◆ Exercise instructions: Pictures do not belong in the copy, so please give every entry below again exactly.

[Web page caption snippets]
"""

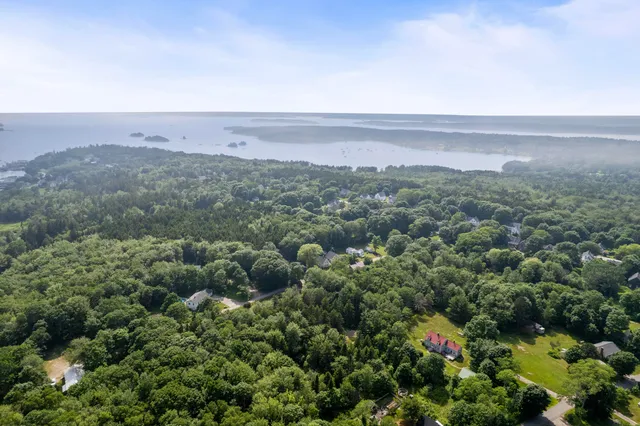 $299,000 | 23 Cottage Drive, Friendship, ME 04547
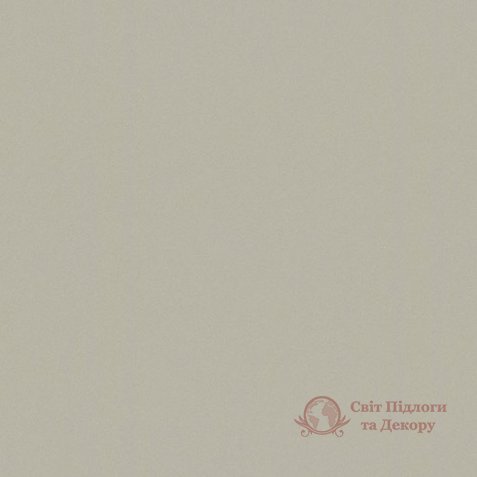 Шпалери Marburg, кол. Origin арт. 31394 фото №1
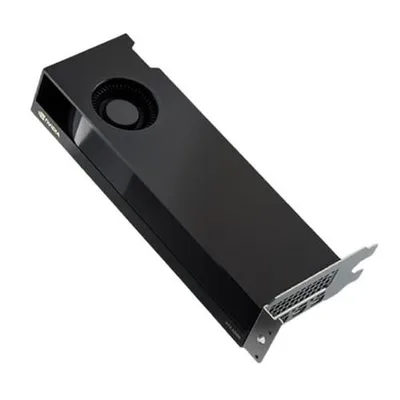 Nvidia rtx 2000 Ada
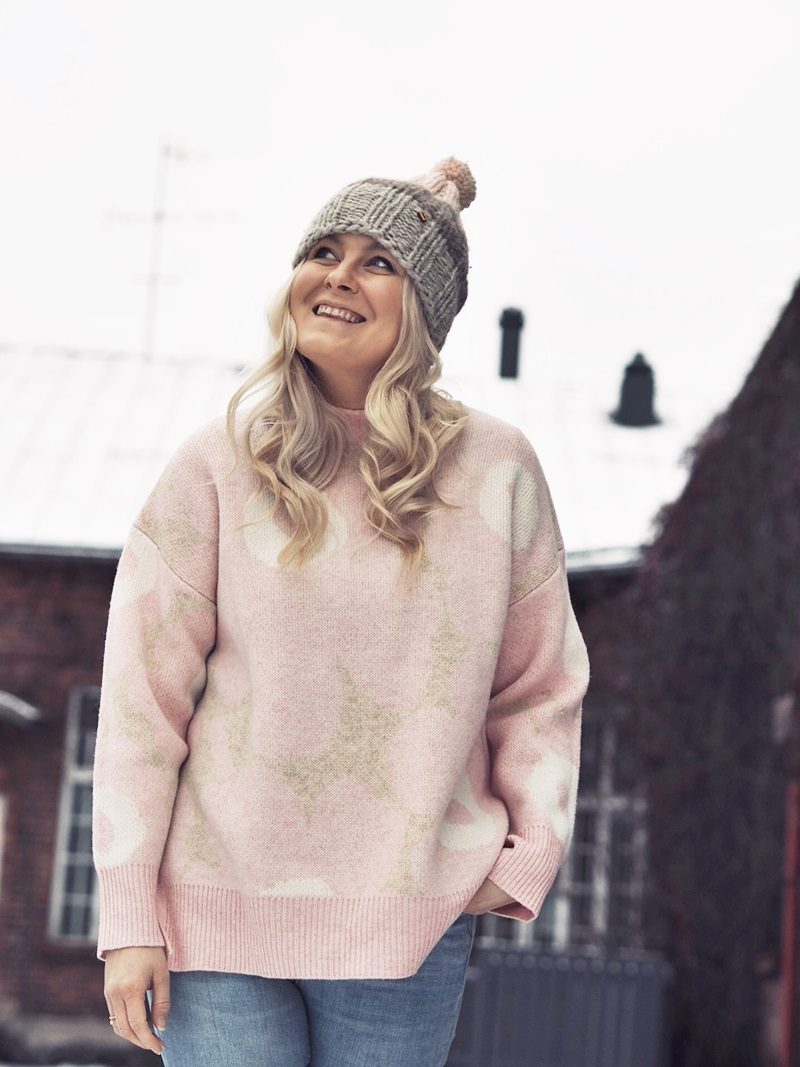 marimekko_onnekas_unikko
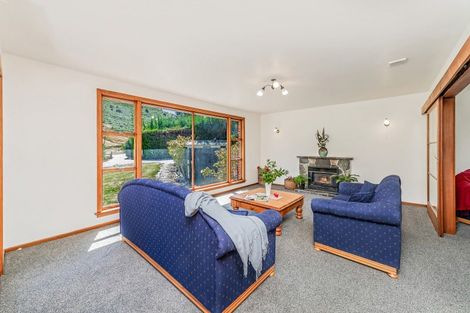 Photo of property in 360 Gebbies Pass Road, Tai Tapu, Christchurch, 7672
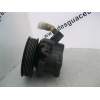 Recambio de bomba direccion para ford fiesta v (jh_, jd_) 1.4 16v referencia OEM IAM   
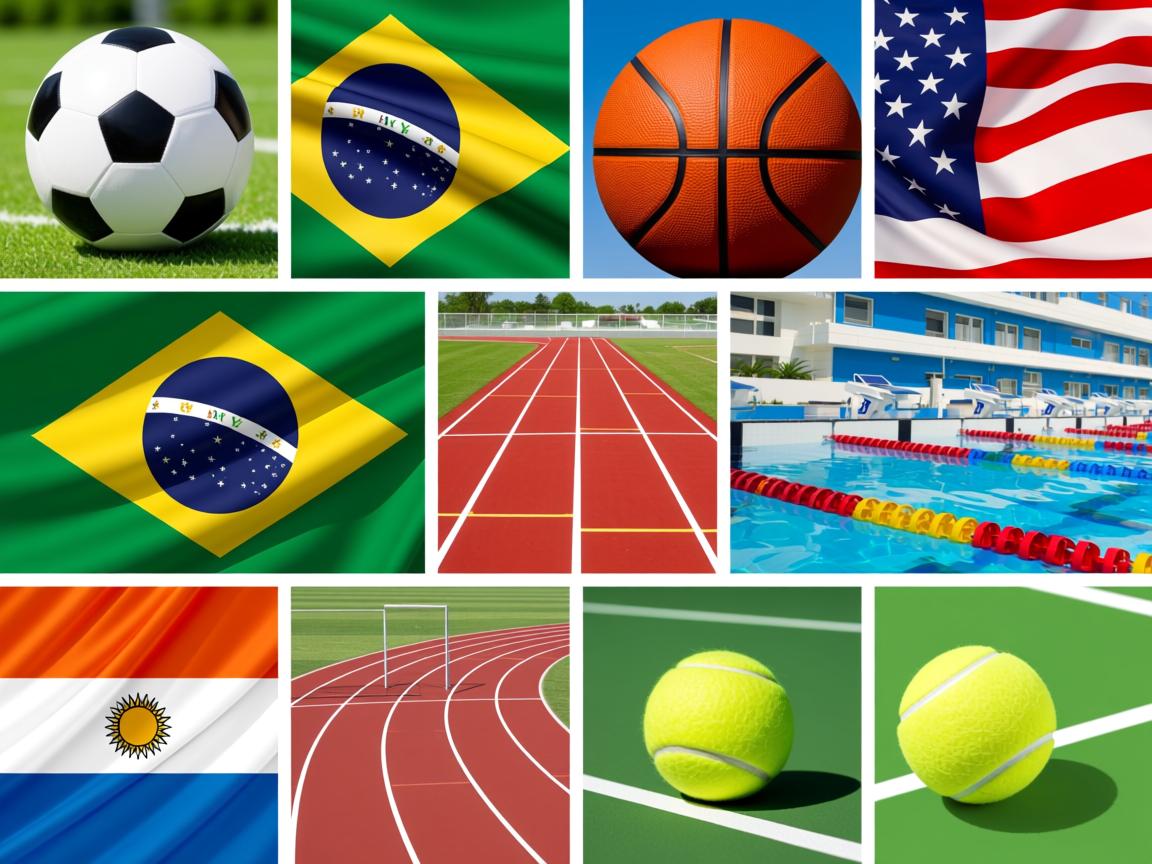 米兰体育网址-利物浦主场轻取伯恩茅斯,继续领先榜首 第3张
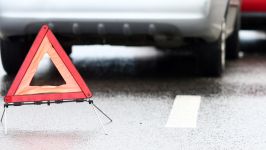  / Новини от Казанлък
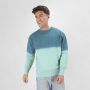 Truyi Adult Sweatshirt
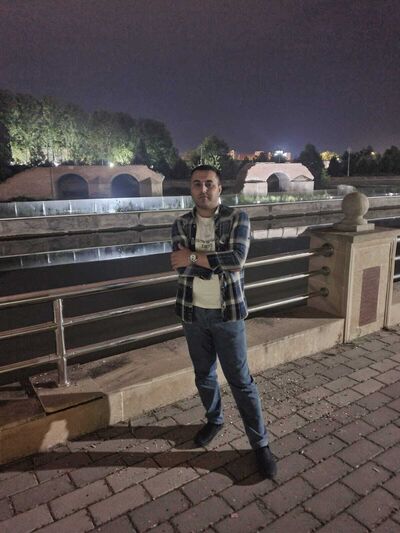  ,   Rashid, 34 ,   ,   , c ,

"""

◆ Finished task:
 $299,000 | 23 Cottage Drive, Friendship, ME 04547
 Шпалери Marburg, кол. Origin арт. 31394 фото №1
 Nvidia rtx 2000 Ada
 marimekko_onnekas_unikko
 Photo of property in 360 Gebbies Pass Road, Tai Tapu, Christchurch, 7672
 Recambio de bomba direccion para ford fiesta v (jh_, jd_) 1.4 16v referencia OEM IAM   
 米兰体育网址-利物浦主场轻取伯恩茅斯,继续领先榜首 第3张
  / Новини от Казанлък
 Truyi Adult Sweatshirt
  ,   Rashid, 34 ,   ,   , c ,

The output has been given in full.